Finally once all the files have been downloaded in my user case I rename them and move them to folder. this is done so that they do not interfere and complicate the next tranche of download.

Further in this user case after each loop I kill the gecko firefox driver and then relaunch it for each driver. I have used to function to rename and move the files which are also illustrated below.

#Move and rename files
#After each loop this part of the code rename each file in the download folder and then moves them to the final folder. This is a efficient way of processing downloaded files before the next loop is launched.
    time.sleep(3)
    #Start loop step through each file
    for y, filename in enumerate(os.listdir(dest_dir)):
       infilename = os.path.join(dest_dir,filename)
    #Rename and move files
       if not os.path.isfile(infilename): continue
       base_file,ext = os.path.splitext(filename)
       file_size = -1
     #Waiting for the file to download
       while file_size != os.path.getsize(infilename):
           file_size = os.path.getsize(infilename)
       time.sleep(1)
     #Only process if the files are certain type
       if ext == ".pdf" or ext == ".xlsx" or ext == ".part" or ext == ".xls"or ext == ".csv" or ext == ".msg" or ext == ".docx" or ext == ".doc" :
           while not os.path.exists(infilename):
               time.sleep(1)
       if os.path.isfile(infilename):
           try:
     #GetDownLoadedFileName               os.rename(infilename,join(dest_dir,ID+ID_Date1+"_"+base_file+ext))
           except FileNotFoundError:
               time.sleep(2) 
               os.rename(infilename,join(dest_dir,ID+ID_Date1+"_"+base_file+ext))
           pass             
     
           time.sleep(2)  
    #Use the move_over function to move the files and if duplicate 
     files exist in the destination folder then overwrite with the new 
     file.   
    try:
        move_over(dest_dir, src_dir)
    except FileNotFoundError:
        pass

    driver.quit()
    #After each loop kills the page and gecko driver
    os.system("taskkill /f /im geckodriver /T")

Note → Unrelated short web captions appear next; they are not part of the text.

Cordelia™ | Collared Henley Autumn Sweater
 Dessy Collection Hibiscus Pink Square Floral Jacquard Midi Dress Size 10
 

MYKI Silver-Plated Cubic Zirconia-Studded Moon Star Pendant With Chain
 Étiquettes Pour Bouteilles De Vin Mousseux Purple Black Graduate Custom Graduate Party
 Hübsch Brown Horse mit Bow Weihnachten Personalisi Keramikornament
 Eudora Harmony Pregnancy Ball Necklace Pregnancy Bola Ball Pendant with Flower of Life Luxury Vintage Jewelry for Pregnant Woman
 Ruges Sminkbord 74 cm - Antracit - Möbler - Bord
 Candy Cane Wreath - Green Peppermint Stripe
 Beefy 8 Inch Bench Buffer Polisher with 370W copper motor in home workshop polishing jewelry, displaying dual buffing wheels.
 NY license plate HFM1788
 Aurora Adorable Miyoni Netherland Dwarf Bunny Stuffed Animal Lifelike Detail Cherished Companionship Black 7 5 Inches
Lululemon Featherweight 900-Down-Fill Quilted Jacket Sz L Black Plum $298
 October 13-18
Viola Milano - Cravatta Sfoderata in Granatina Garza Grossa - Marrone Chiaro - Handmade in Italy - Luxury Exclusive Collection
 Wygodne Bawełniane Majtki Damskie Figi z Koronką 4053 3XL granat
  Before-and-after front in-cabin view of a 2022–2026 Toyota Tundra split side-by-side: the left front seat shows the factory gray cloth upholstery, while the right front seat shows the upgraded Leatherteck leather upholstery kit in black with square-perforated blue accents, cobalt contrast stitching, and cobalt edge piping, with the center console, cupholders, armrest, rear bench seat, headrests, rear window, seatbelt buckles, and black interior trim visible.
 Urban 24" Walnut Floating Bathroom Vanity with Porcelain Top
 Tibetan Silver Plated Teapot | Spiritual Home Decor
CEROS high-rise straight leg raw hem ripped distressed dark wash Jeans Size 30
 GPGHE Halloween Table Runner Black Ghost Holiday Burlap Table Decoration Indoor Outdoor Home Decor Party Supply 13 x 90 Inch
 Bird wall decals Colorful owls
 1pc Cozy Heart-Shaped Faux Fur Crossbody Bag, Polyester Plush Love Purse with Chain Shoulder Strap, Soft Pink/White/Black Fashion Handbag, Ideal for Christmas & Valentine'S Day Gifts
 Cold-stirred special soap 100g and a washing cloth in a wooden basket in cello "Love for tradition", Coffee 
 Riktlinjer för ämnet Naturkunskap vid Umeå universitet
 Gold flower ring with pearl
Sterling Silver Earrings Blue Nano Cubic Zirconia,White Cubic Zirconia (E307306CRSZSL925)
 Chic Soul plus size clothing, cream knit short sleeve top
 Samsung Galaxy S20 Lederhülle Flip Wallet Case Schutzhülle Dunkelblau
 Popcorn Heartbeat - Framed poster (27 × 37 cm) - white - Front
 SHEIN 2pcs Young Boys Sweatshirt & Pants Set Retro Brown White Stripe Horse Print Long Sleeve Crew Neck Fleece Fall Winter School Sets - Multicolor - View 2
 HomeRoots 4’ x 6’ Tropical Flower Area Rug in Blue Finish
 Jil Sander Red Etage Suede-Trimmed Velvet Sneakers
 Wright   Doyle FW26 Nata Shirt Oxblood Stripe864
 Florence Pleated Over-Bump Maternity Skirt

So whats the move_over function?

# Move files to new folder and replace files if the same files(name) 
  already exists
 def move_over(src_dir, dest_dir):
    fileList = os.listdir(src_dir)
    for i in fileList:
        src = os.path.join(src_dir, i)
        dest = os.path.join(dest_dir, i)
        if os.path.exists(dest):
            if os.path.isdir(dest):
                move_over(src, dest)
                continue
            else:
                os.remove(dest)
        shutil.move(src, dest_dir)

Wow this is boring!!

Well this nearly brings me to the end of my long winded post, though hopefully you have learned to use Selenium to loop through few pages and get to know how to scrap stuff.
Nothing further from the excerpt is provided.